Public outcry over the plant’s effects on the environment and the effects of two 125-foot-tall smokestacks on the appearance of the Morehead City waterfront led to the eventual opposition of Gov. Beverly Perdue and prompted the company to halt the plan.

Opponents of the plan said they feared foul odors and pollution associated with the project would hurt tourism.

Other alternatives considered by the company in the environmental assessment included a plan to expand the company’s ability to transport and store molten surfer at its Aurora plant, build facilities in Aurora to receive and remelt sulfur pellets, build facilities to receive and remelt sulfur pellets at a port outside the state or build facilities to receive, store and remelt sulfur pellets at Radio Island.

Several eastern Beaufort County residents expressed concerns over odors and pollution from sulfur dust from the project during a public-comment period of the meeting.

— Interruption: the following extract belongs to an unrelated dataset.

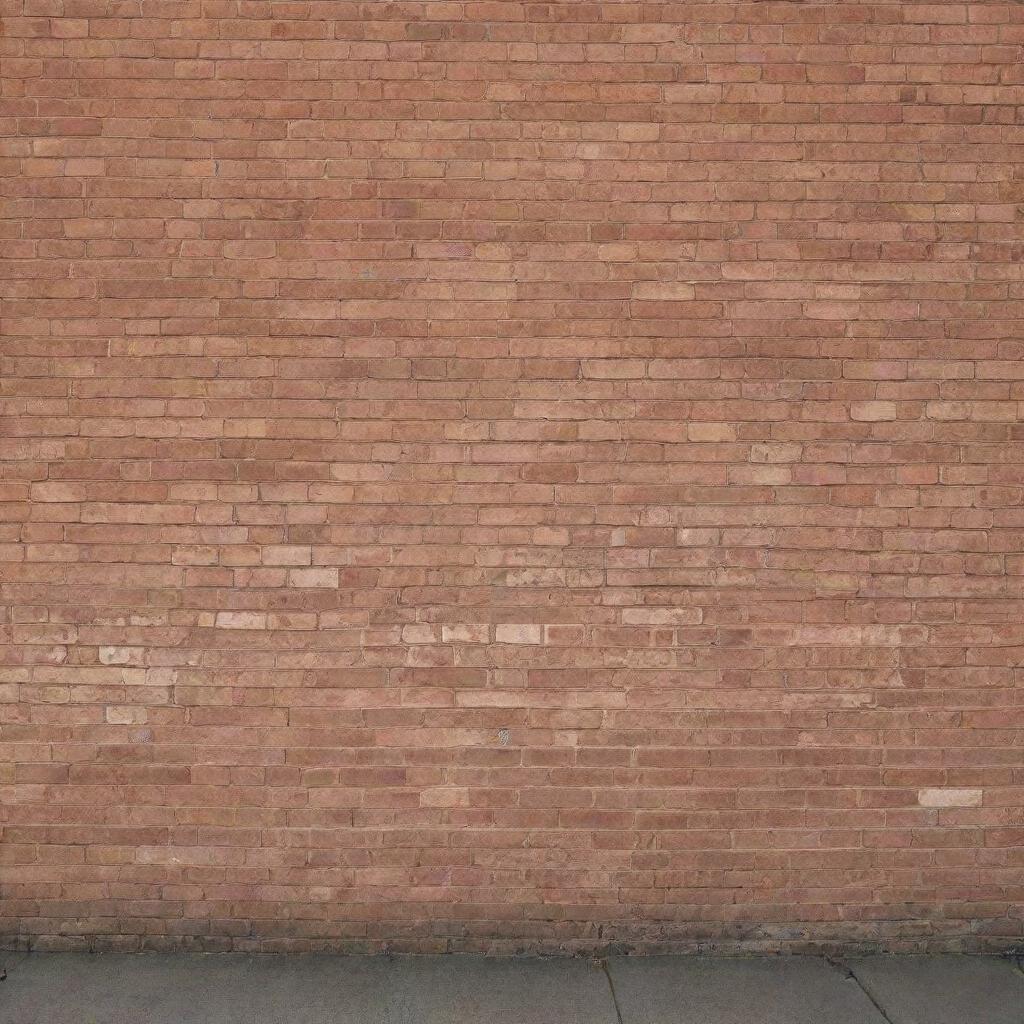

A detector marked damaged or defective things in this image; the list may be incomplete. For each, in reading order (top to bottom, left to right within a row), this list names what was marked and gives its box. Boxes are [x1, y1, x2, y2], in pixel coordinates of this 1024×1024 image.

sidewalk crack [823, 954, 897, 1019]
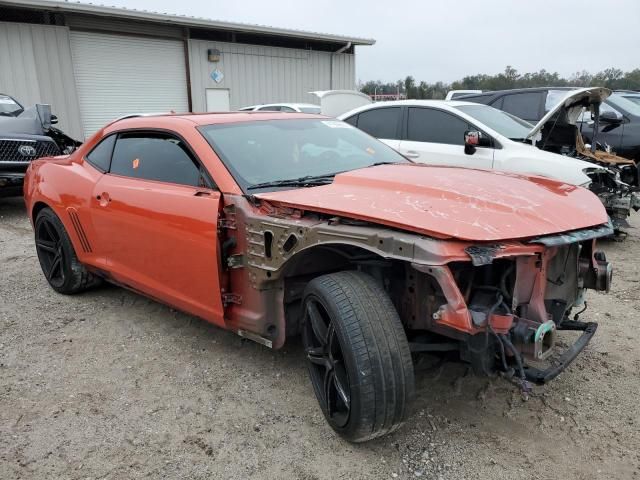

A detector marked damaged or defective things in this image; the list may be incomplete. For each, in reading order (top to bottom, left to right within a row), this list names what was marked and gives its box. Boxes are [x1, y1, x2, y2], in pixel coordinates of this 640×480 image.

“There are times that I have to have all my windows closed and stay inside because of the heavy sulfur smell from the small facility they have there now,” said Pamlico Beach resident John Chrystal. “If this plant comes to Beaufort County … it will be as devastating to the long-term health of the county as the (outlying landing field) was.”

Chrystal was one of several county residents who said they attended the meeting to hear the presentation by PotashCorp.

“I know that many residents of Beaufort County, as well as environmental and social-justice organizations, will be following this issue in the weeks to come,” said Mary Alsentzer, a resident of the Schrams Beach community in eastern Beaufort County.